# Shaving



## jeff9nissan (Jan 9, 2004)

How do i go about shaving like the key holes and emblems? I want to get rid of the 200sx, the nissan, the SE, key holes. and the molding on the side of my car. IS it a pretty easy do it your self project or should i have it done at a body shop. If it is easy to do can someone give me a little help. I also want to mold on my bumpers and skirts when i get them. is that a bad idea or anything? and also how would that be done best.


----------



## Radioaktiv (Feb 12, 2004)

you can easily remove the "200sx" and "se" from the rear
but when you start talking about shaving and molding, this isnt something for a beginner
id take it to a shop or a friend who definitely knows what they're doing

you want to avoid the half primer ricer look


----------



## jeff9nissan (Jan 9, 2004)

you say taking off the 200sx and the se is easy. do you just like pry them off or what? and what about the nissan logo in the middle? and im going to have the half primer rice look anyway cuz i cant afford to paint and my insurance says i have to get these dents fixed within a month of the accident so ya...


----------



## Radioaktiv (Feb 12, 2004)

yeah "se" and "200sx" are just stickers
definitely take it to a body shop/experienced friend for anything that involves painting or molding


----------



## jeff9nissan (Jan 9, 2004)

Ah. BEcause i was thinking i could just detach the key hole from the trunk. and use fiberglass compound and bondo to patch it up. then get it painted when i repaint the whole car.


----------



## Radioaktiv (Feb 12, 2004)

if you are comfortable using those things, then i would say go for it.
but if you have never bondo'd or used any body filler before, id get someone to help out


----------



## jeff9nissan (Jan 9, 2004)

alright thanks for the help.


----------



## johnsonsRIDE (Dec 31, 2003)

correct me if i am wrong... arnt the side moldings on the 200sx just something you can heat with a heat gun an peal off?


----------



## myoung (Apr 15, 2002)

johnsonsRIDE said:


> correct me if i am wrong... arnt the side moldings on the 200sx just something you can heat with a heat gun an peal off?

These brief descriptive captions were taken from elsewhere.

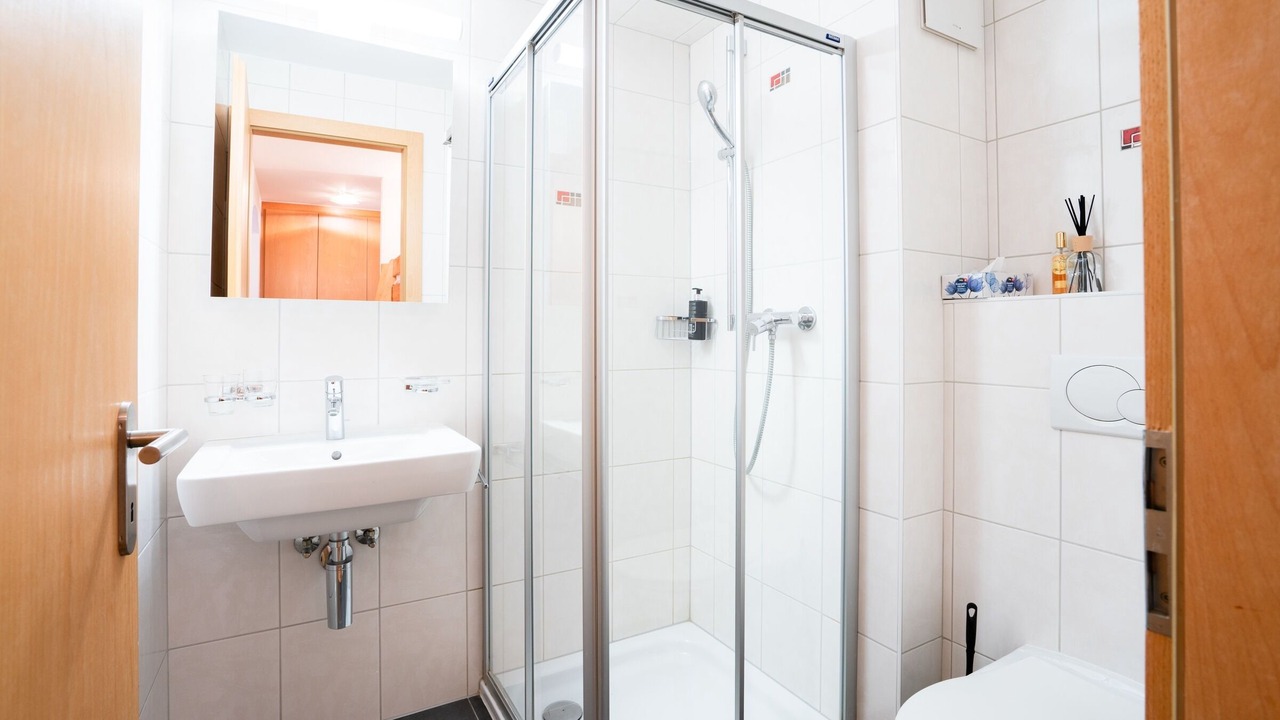Photo of Bathroom in Saillon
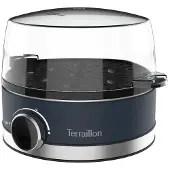 Terraillon NEW MOON 7 oeufs 410 W Bleu foncé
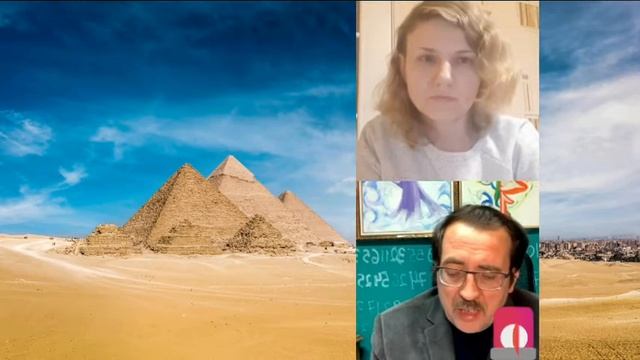 Нумерологический анализ тайн Древнего Египта
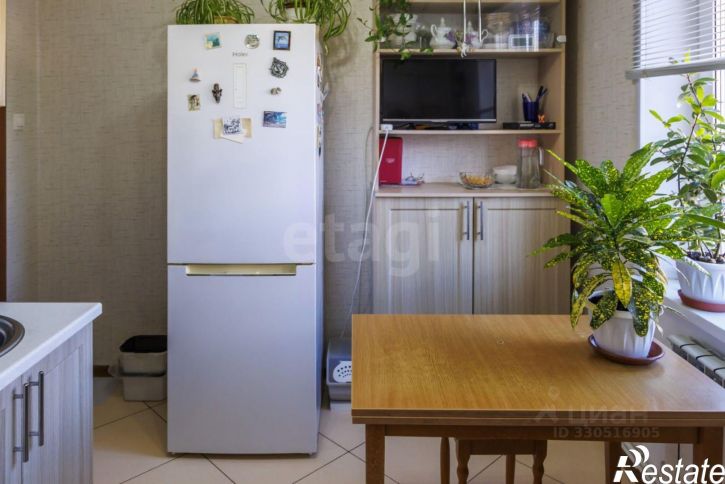 1-комн квартира ул Евгения Ермакова, 3 2,  д. 3 2,  к. 2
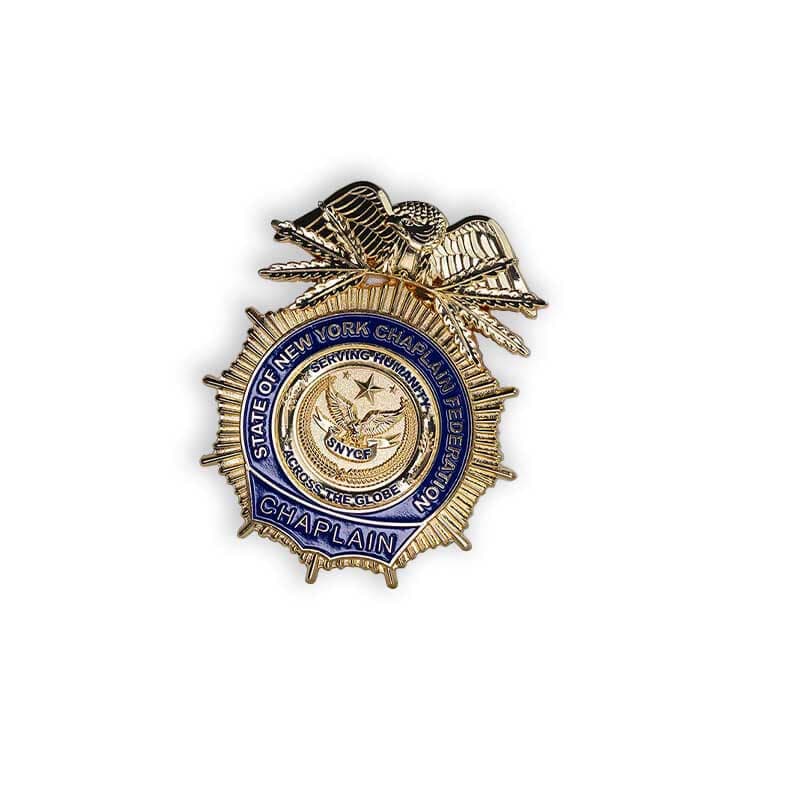 Police Badges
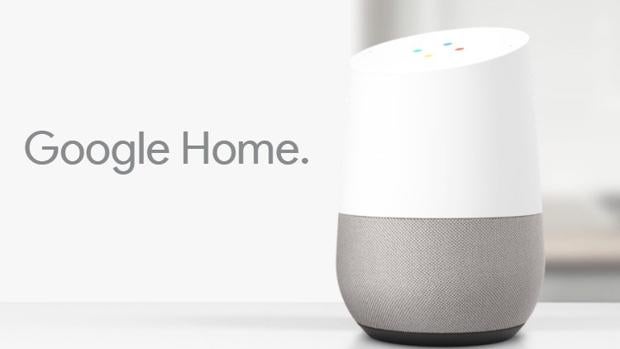 Google Assistant Ok Google Conoces A Alexa Amazon Echo Google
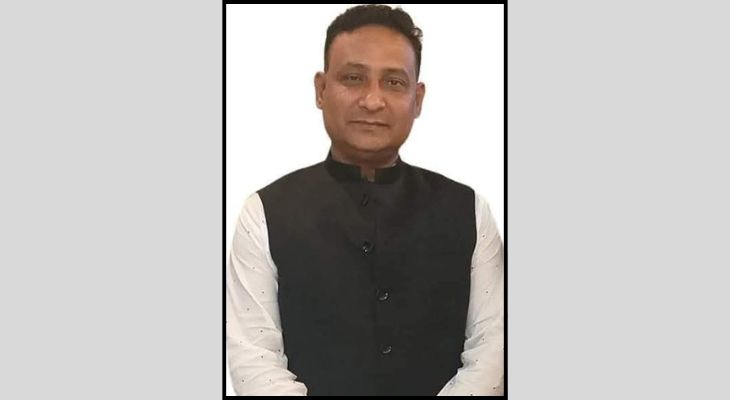 সাবেক ইউপি চেয়ারম্যান মফিজ উদ্দিন আটক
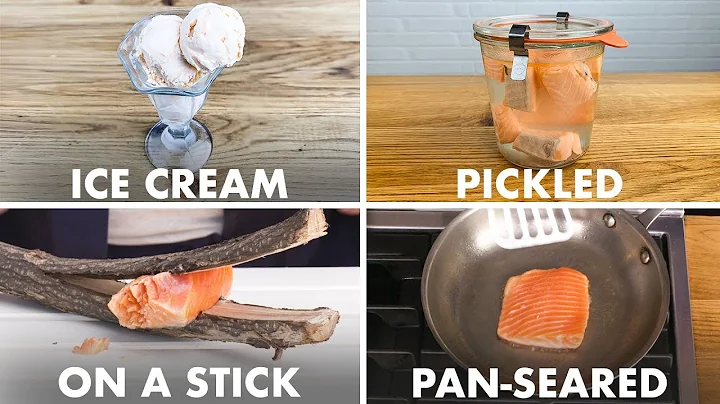 Every Way to Cook Salmon (43 Methods) | Bon Apptit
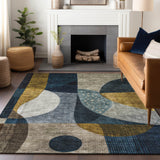 addison chantille acn1124 blue rug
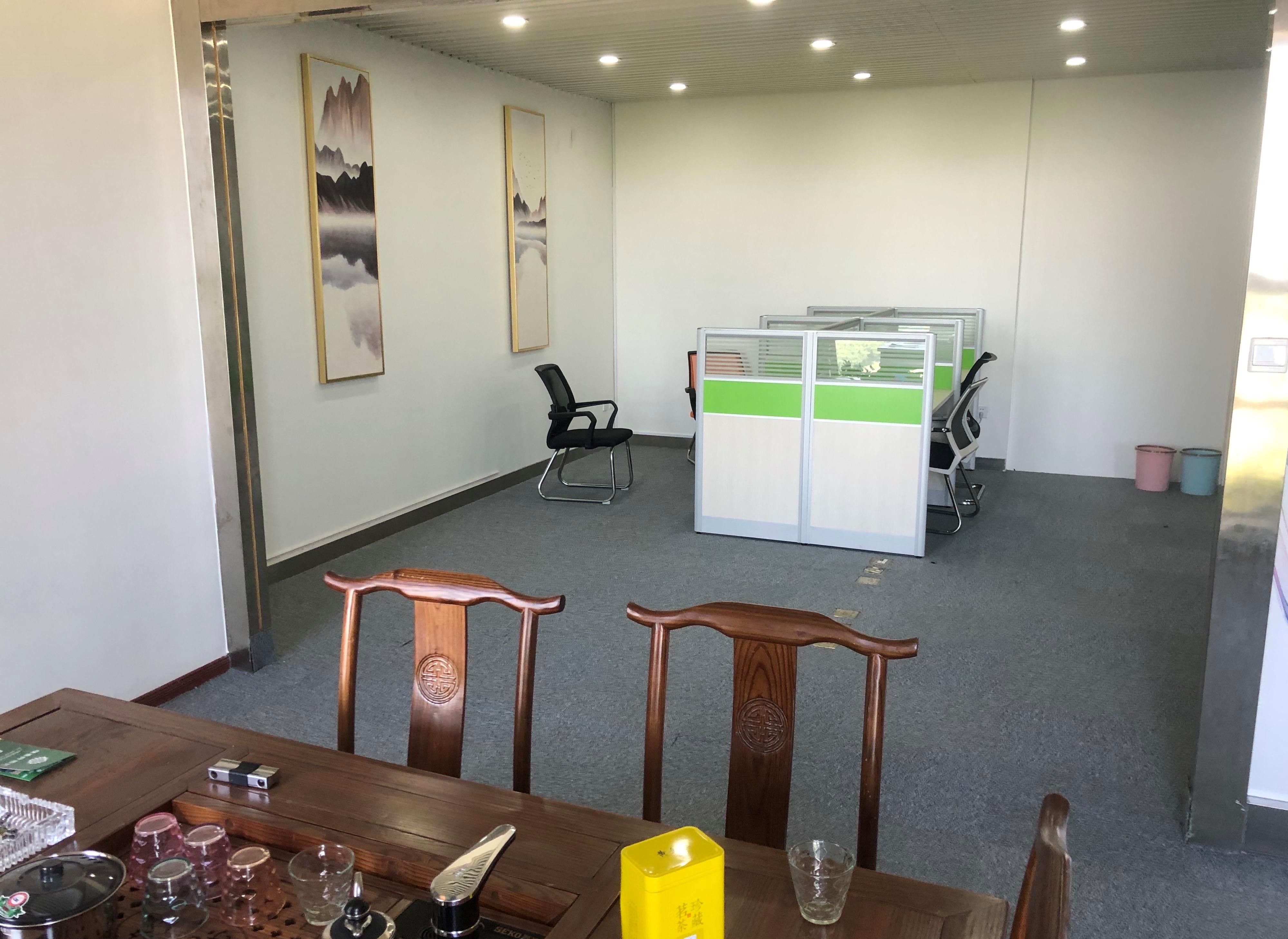 滨湖新区精装带家具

Rear emblems on the trunk are... don't know about any side ones.. none on my car.

yes... use a common household blow dryer, wouldn't want to suggest using a heat gun... they may peel the paint with it...haha

Just wax the area where the emblems were afterwards.


----------



## B14_Stealth (Aug 14, 2003)

johnsonsRIDE said:


> correct me if i am wrong... arnt the side moldings on the 200sx just something you can heat with a heat gun an peal off?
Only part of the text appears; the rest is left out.